Here is our take on why this happens and how to avoid it. It’s important to note that this is not a critique of CLM providers. There are some solid products and great examples of innovation emerging in the CLM space, reflecting the deeper industry drive towards digital transformation in legal and contracting functions. But here is the problem: technology is only one pillar of CLM. Ignoring the others is like trying to build a house without foundations.

Technology does not equal transformation

CLM systems are typically presented as technology solutions, so it is not surprising that companies tend to approach CLM implementation as primarily a system deployment project. The focus narrows to system requirements gathering, selection, design, and configuration planning. But, more than anything, CLM is a complex process involving workflows, resource models, transactional content, risk frameworks, talent allocation and corporate sales and operations culture.

All these elements must be assessed, understood, and factored into the CLM project. When that does not happen, the enabling technology cannot be blamed for failing to transform the contracting process effectively.

Time, resource and investment miscalculations

CLM systems do not come with a team of multi-disciplinary experts, ready to implement the large-scale digital transformation that this technology offers. Businesses routinely underestimate the expense and lift required to build the system themselves, and typically do not have access to internal resources with the experience and know-how required to execute transformation of the contracting function. As the cost, timeline and pain of implementation increase, the return on investment reduces.

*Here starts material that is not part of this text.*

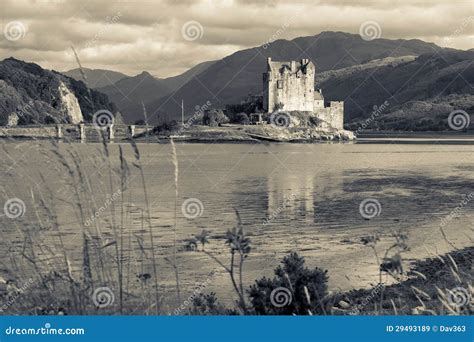 Eilean Donan Castle Black And White Stock Image Image Of Tourist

Consider the range of skillsets you will need at different times throughout the process (e.g., industry and domain expertise, workflow design, project management, change management, user experience, data architects, operational excellence) to maximize your investment. 

CLM utility decreases as complexity increases

Many CLMs work best when a company’s contract portfolio consists of high-volume, light-touch negotiations. But that is not the reality of the spectrum of transactions activity in most major companies. The result is that the CLM results in relatively low system utilization for many agreements, and the agreements that are processed through CLM are often those that represent higher commercial risk to the corporation. Once again, the return on investment comes under strain.

So careful and strategic analysis at the design stage is critical. Not all CLM systems are well adapted to supporting the full range of transactional activity that is associated with the highest risk, highest value contract engagements.

Stakeholder buy-in 

We’ve seen an extraordinarily large number of unsuccessful projects because, for example, Legal decides to adopt a CLM, but Sales Operations, Delivery and Procurement are misaligned with the strategic commitment. Or vice versa. The contracting process usually cuts across many functions in large organizations, which is why it is critical to build consensus among key stakeholders on the ultimate goal, and the journey to get there.

Clearly, internal communication and a change management strategy are key components of a successful CLM deployment. Managing the execution of that strategy requires both time and experience, which may be lacking for stretched legal departments trying to “DIY” the CLM project.

Misconception of one-size-fits-all technology solution

Most CLM tools emphasize pre-execution processes. As a result, they fail to provide insights deriving from the post-execution environment: they do not support meaningful contract obligations tracking, nor do they deliver account health monitoring. Clients are left with disconnected systems and processes supporting the pre-signature and post-execution transaction domains, which increases cost, complexity, process inefficiency a—perhaps most painful of all completely misses the opportunity to implement a true, end-to-end CLM environment.

So before taking the technology leap, we encourage our clients to think about the strategic outcomes they want from CLM and the time, resource and expertise required to ensure success. And above all, we advocate a holistic approach to the project design that combines talent, workflow, culture, data, and technology.